#### Task prompt:
Transcribe the listing below in its entirety.

#### Data:

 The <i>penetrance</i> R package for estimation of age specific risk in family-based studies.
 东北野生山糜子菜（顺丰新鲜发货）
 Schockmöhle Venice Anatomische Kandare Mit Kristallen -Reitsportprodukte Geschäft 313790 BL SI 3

#### Exercise output:
 The <i>penetrance</i> R package for estimation of age specific risk in family-based studies.
 东北野生山糜子菜（顺丰新鲜发货）
 Schockmöhle Venice Anatomische Kandare Mit Kristallen -Reitsportprodukte Geschäft 313790 BL SI 3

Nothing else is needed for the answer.